Tasting Mark Carter’s 2014s, with a preview of 2016

2014 – The Earthquake Vintage

Two thousand fourteen was the third vintage in a drought cycle. The warm, dry winter caused the vines to awaken very early. When I visited growers in April of that year, they were surprised by what was shaping up to be another generous crop. The vine is a naturally self-regulating plant. In most cases, after a generous harvest or two, the plant responds by setting a lower crop. But that was not the case at all in 2014. Mother Nature gave Napa Valley growers another bountiful harvest. Warm and dry conditions persisted throughout the entire year, but, importantly, there were no heat spikes (as was the case in 2015) or sudden temperature swings like those Napa Valley experienced in 2010. Overall, 2014 saw a benign growing season with an early start and early finish and no real shocks. One of the most interesting aspects to 2014 is that the grapes ripened while maintaining excellent acidity.

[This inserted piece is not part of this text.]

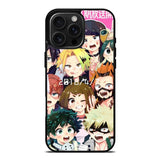 My hero academia iPhone 16 Pro Case OV0279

Multimedia: Revisit the 2014 Harvest

On August 24, just as harvest was getting started, a violent earthquake shook Napa Valley. The epicenter was American Canyon, far away from most vineyards, but where many wineries store dry goods. The city of Napa was hit hard and aftershocks were felt throughout the valley. A number of homes and other buildings were seriously damaged. Miraculously, there was not a single fatality. If the earthquake had taken place during the day, there would certainly have been a serious loss of life, especially at wineries where barrels are stacked five or six high. A number of wineries sustained damage to their inventory of bottled wines, while others lost wines in barrel, most of it from the 2013 vintage.

One of the most interesting aspects of the 2014 vintage is that earth movement created by the August earthquake caused dry streams and creeks to run again, which gave the vines in some spots much needed water. A number of producers reported that canopies looked their most vibrant at the end of the growing season, which is a significant anomaly, to say the least.

Black Sears Vineyard, Howell Mountain

The wines did not extract easily, so many winemakers gave their 2014s more time on the skins than they did in 2013, a year in which extractions were very easy. In general, the 2014s are bright, savory and vibrant, but with distinctly mid-weight structures. Like the 2013s, the 2014s tend towards the darker end of the flavor spectrum, but they don’t have the extract, size and sheer tannic clout of the 2013s. Today, 2014 comes across as a more accessible and friendly version of 2013. There is no question 2014 is a very high quality vintage, and while it does not match the epic quality of 2013, 2014 is without question a more successful and interesting vintage than the massively overhyped 2012 and inconsistent 2015. At the best estates there is very little, if any, real qualitative drop off between 2013 and 2014, even if stylistically, the vintages are quite different. Lastly, I noticed many 2014s shut down hard after bottling to an extent I have not seen previously during the six years I have been tasting bottled wines around the same time of year. In other words, many 2014s were even more expressive just before bottling than just after. Readers might want to revisit my initial assessment of the wines, published in June 2015. In addition, we shot quite a bit of video throughout the year.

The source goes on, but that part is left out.